### WHAT YOU WILL DO
Return the complete listing exactly as it reads, with each picture removed.

### DATA PROVIDED
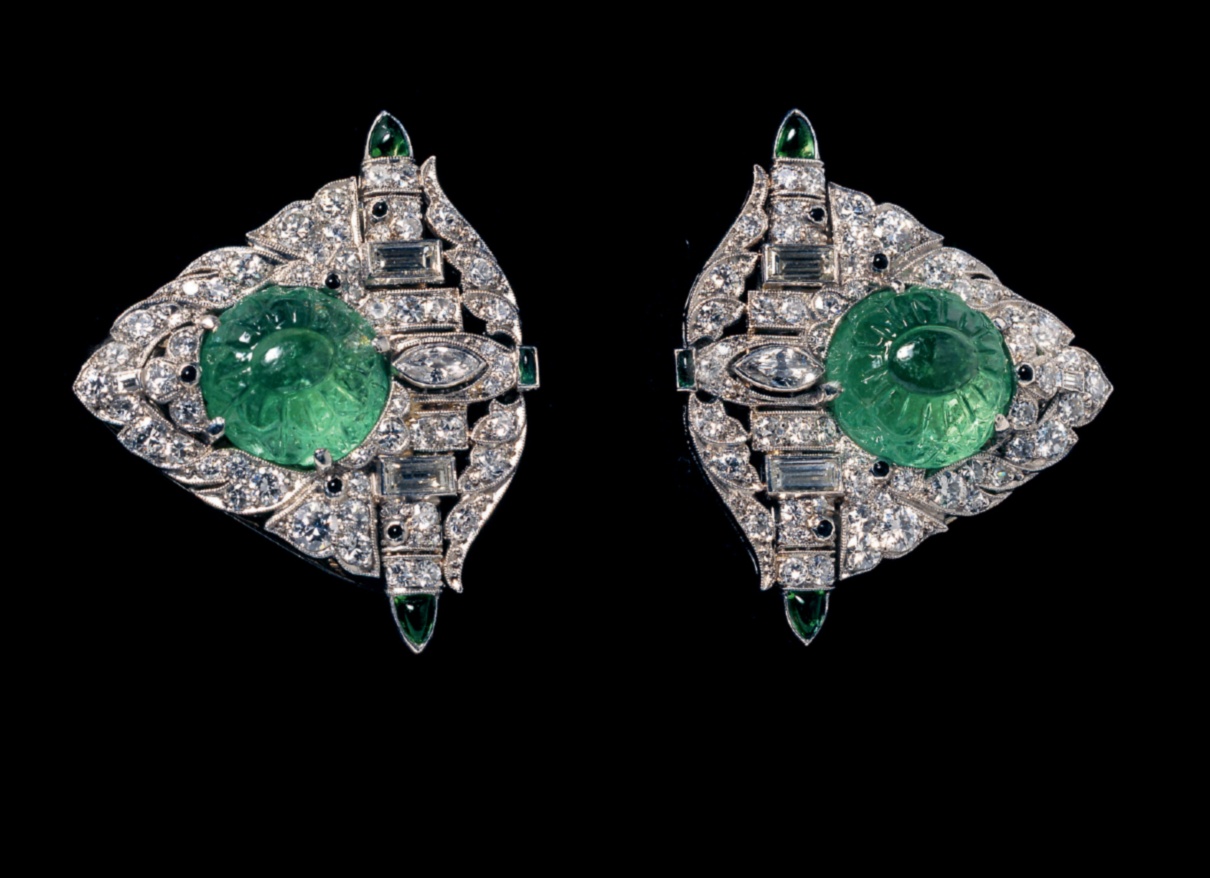 אלגנטיות של פעם: תכשיטים עתיקים נחשפו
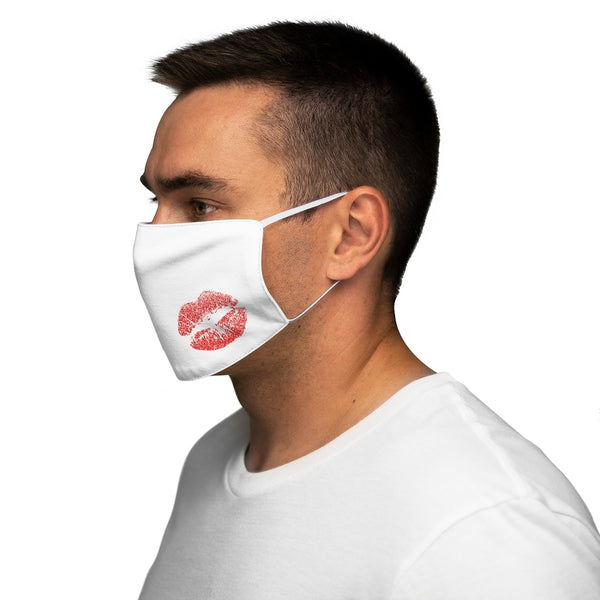 Face Mask // Lipstick Kiss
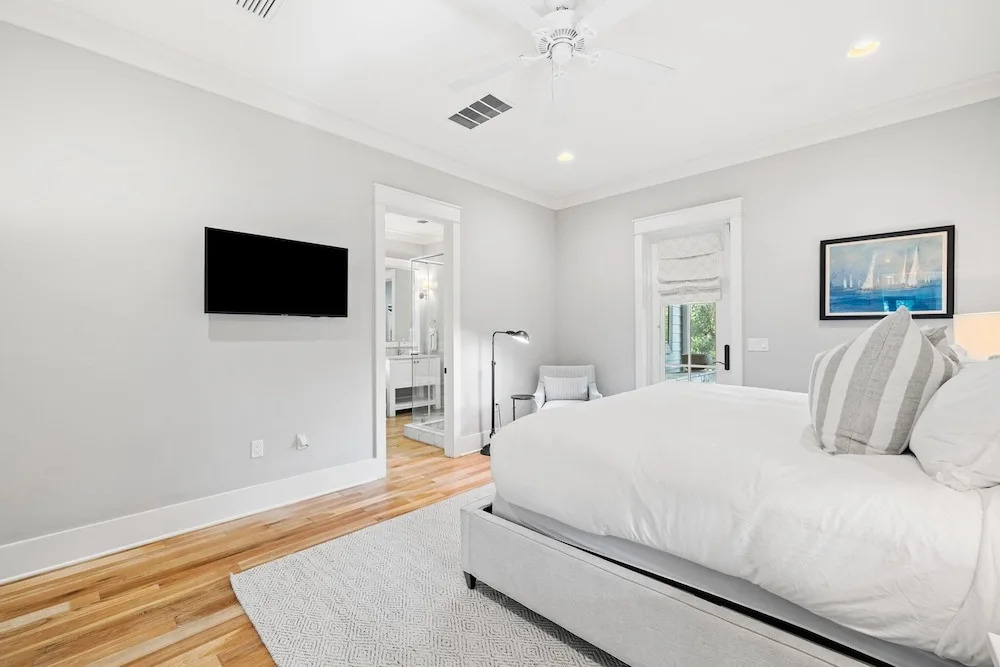 107 Sunflower Street 5 Bedroom Home by RedAwning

### EXPECTED OUTPUT
 אלגנטיות של פעם: תכשיטים עתיקים נחשפו
 Face Mask // Lipstick Kiss
 107 Sunflower Street 5 Bedroom Home by RedAwning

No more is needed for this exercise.